There are two basic parser primitives.

  • You can peek at upcoming characters
  • You can consume characters

A simple application of this is recognizing an integer. Here's some pseudocode.

-- The best pseudocode is written in Ada for some reason.
while is_digit(peek) loop
    consume;
end loop;

Composites of these primitives are available to simplify things. For example, the implementation of the above pseudocode might look like the code below, which is complicated by the need to have peek return one of three things: Err(err) if there is an error, Ok(None) if we hit the end of file, and Ok(Some(ch)) when there is a next character.

fn parse_unsigned_integer<R: io::Read>(parser: &mut parser::Parser<R>) -> parser::Result<u64> {
    let mut result = String::new();
    while let Some(ch) = parser.peek()? {
        if ch.is_digit(10) {
            result.push(ch);
            parser.consume();
        } else {
            break;
        }
    }
    match result.parse::<u64>() {
        Ok(number) => Ok(number),
        Err(err) => Err(parser.error(err.to_string())),
    }
}

This is terrible. Fortunately Parser provides a take_while method that handles all this for us.

Here the integer parsing is broken out into a separate function so we can use the ? operator.

use std::io;
use relision::parser;
 
fn parse_unsigned_integer<R: io::Read>(parser: &mut parser::Parser<R>) -> parser::Result<u64> {
    let result = parser.take_while(|ch| ch.is_digit(10))?;
    match result.parse::<u64>() {
        Ok(number) => Ok(number),
        Err(err) => Err(parser.error(err.to_string())),
    }
}
 
fn main() {
    // Make a new parser and wrap the standard input.
    let mut parser = parser::Parser::new("console".to_string(), std::io::stdin());
    match parse_unsigned_integer(&mut parser) {
        Err(err) => {
            println!("{}", err);
        }
        Ok(value) => {
            println!("{}", value);
        }
    }
}

Here the take_while peeks at and consumes the next character while it is a digit. It works pretty well.

If nothing is entered we get console:1:1: cannot parse integer from empty string. If we enter a huge number like 99999999999999999999 (that's 20 nines) we get console:1:1: number too large to fit in target type. If we enter something like 65fred then we get 65, with the parser left pointing at the f.

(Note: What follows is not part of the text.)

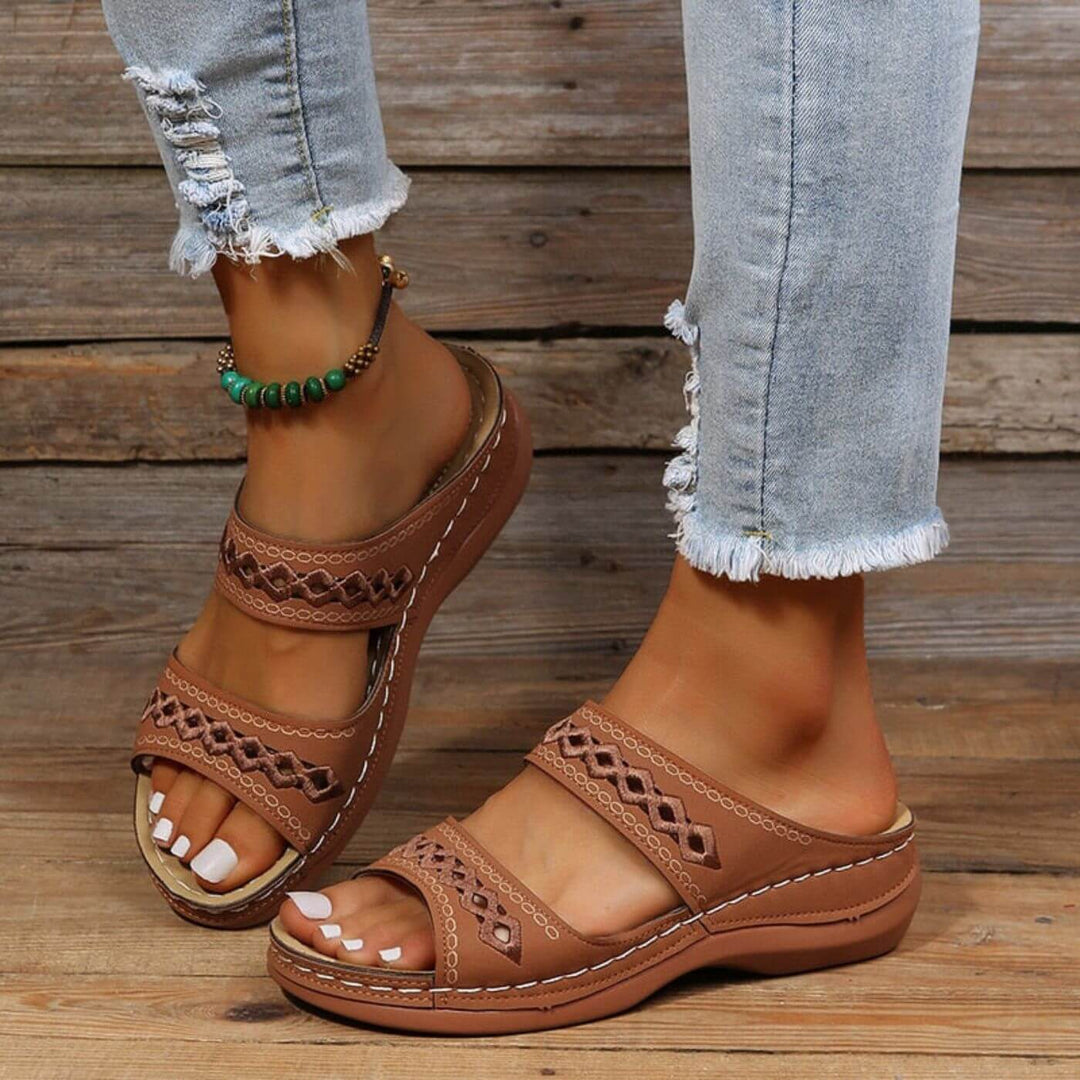 Florence - Cushioned Slip-On Sandal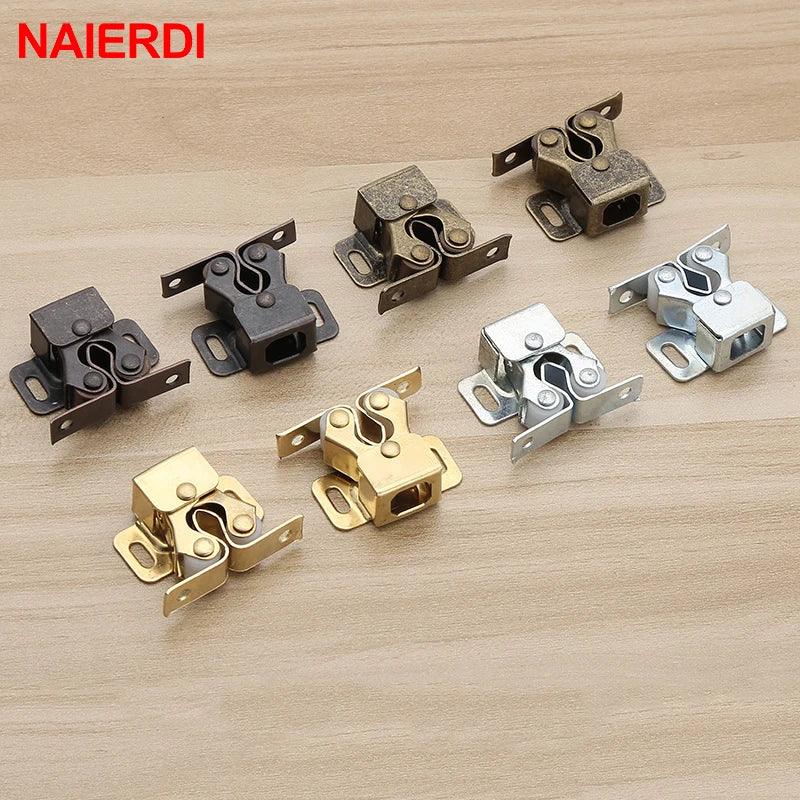 NAIERDI 2-10PCS Door Stop Closer Stoppers Damper Buffer Magnet Cabinet Catches For Wardrobe Hardware Furniture Fittings - petguardiansupplies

Of course, this probably isn't what we want. Suppose we have a stream of identifiers and numbers, and we want to parse these.

We already know how to parse unsigned integers. Let's see how to parse identifiers.

fn parse_identifier<R: io::Read>(parser: &mut parser::Parser<R>) -> parser::Result<String> {
    let mut result = parser.take_while(|ch| ch.is_alphabetic())?;
    result = result + parser.take_while(|ch| ch.is_alphanumeric())?.as_str();
    Ok(result)
}

Okay, now let's create a type for our tokens.

#[derive(Debug)]
enum Thing {
    Number(u64),
    Id(String),
}

Now we can parse the sequence, and create a vector of Thing instances. Let's do that. We also add some error handling.

fn parse_sequence<R: io::Read>(parser: &mut parser::Parser<R>) -> parser::Result<Vec<Thing>> {
    let mut things = Vec::new();
    let _ = parser.consume_whitespace();
    while !parser.at_eof() {
        match parser.peek() {
            Ok(Some(ch)) => {
                if ch.is_digit(10) {
                    things.push(Thing::Number(parse_unsigned_integer(parser)?));
                } else if ch.is_alphabetic() {
                    things.push(Thing::Id(parse_identifier(parser)?));
                } else {
                    return Err(parser.unexpected_char("number or identifier", ch));
                }
            }
            Ok(None) => break,
            Err(err) => return Err(err),
        }
        let _ = parser.consume_whitespace();
    }
    Ok(things)
}

Now we just need a main function to pull this all together.

fn main() {
    let mut parser = parser::Parser::new("console".to_string(), std::io::stdin());
    match parse_sequence(&mut parser) {
        Err(err) => {
            println!("{}", err);
        }
        Ok(seq) => {
            println!("{:?}", seq);
        }
    }
}

That's pretty much it. If it seems like there's a lot of stuff to build in, that's because there is. Fixing that is the purpose of macros.